Per superare tale limite fisiologico, il team di ricerca ha concentrato le proprie attenzioni sull’acido caffeico. Si tratta nello specifico di un antiossidante presente nel vino e nel caffè, in grado di oltrepassare la barriera ematoencefalica.

Dopo aver utilizzato proprio la caffeina per comprendere i computer quantici, questa volta gli scienziati hanno in seguito utilizzato proprio i celebri punti quantici per migliorare ulteriormente il composto finale. Trasformare i residui del caffè in punti quantici di carbonio a base di acido caffeico (CACQD) arricchisce i legami elettromagnetici all’interno delle molecole. L’obiettivo? Riuscire a “captare” più facilmente i radicali.

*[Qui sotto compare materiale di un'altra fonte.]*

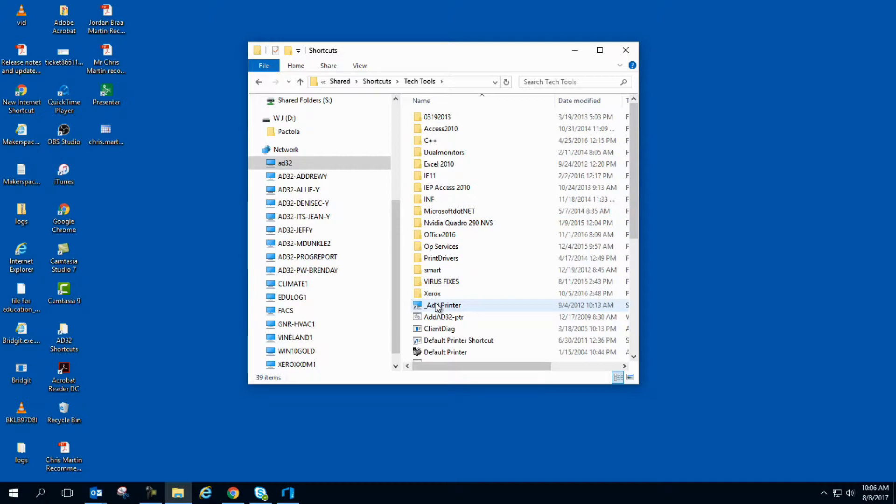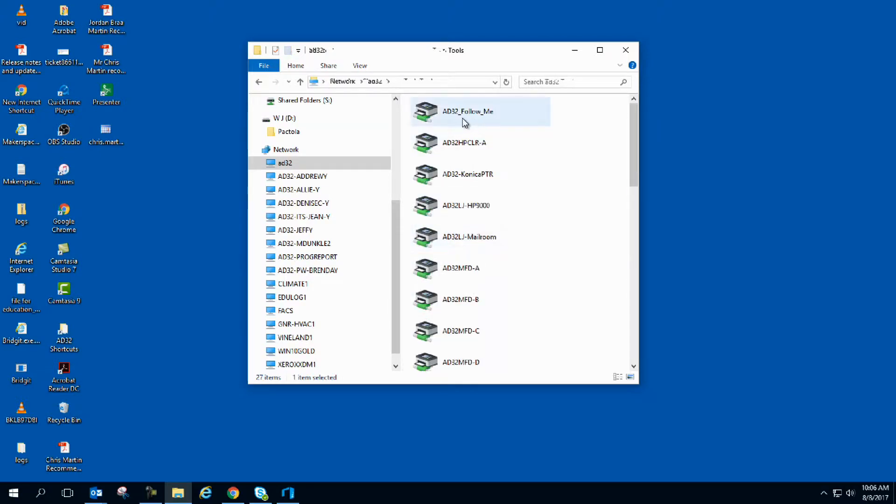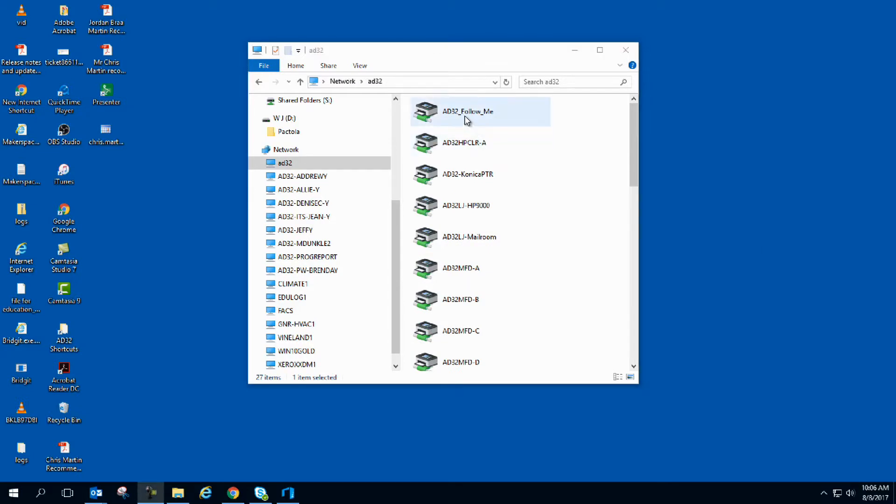From there, I'm going to double click on add printer, and I'm going to find the follow me icon here. Just simply double click on it, and it will install the driver for you.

Attraverso una simile metodica, è stato dunque possibile impedire l’aggregazione delle proteine tipicamente associate alla neurodegenerazione.

“I punti quantici di carbonio a base di acido caffeico hanno il potenziale per essere realmente efficaci nel trattamento dei disturbi neurodegenerativi”, afferma Jyotish Kumar, chimico dell’UTEP a capo della ricerca.

Che la caffeina sia importante nelle patologie è oramai risaputo, tuttavia, il risvolto di una simile scoperta risulta essere fondamentale per poter aiutare e probabilmente salvare, milioni di persone in tutto il mondo.

“Nessuno dei trattamenti attuali risolve le malattie; aiutano solo a gestire i sintomi. Il nostro obiettivo è trovare una cura affrontando le basi atomiche e molecolari che guidano queste condizioni”.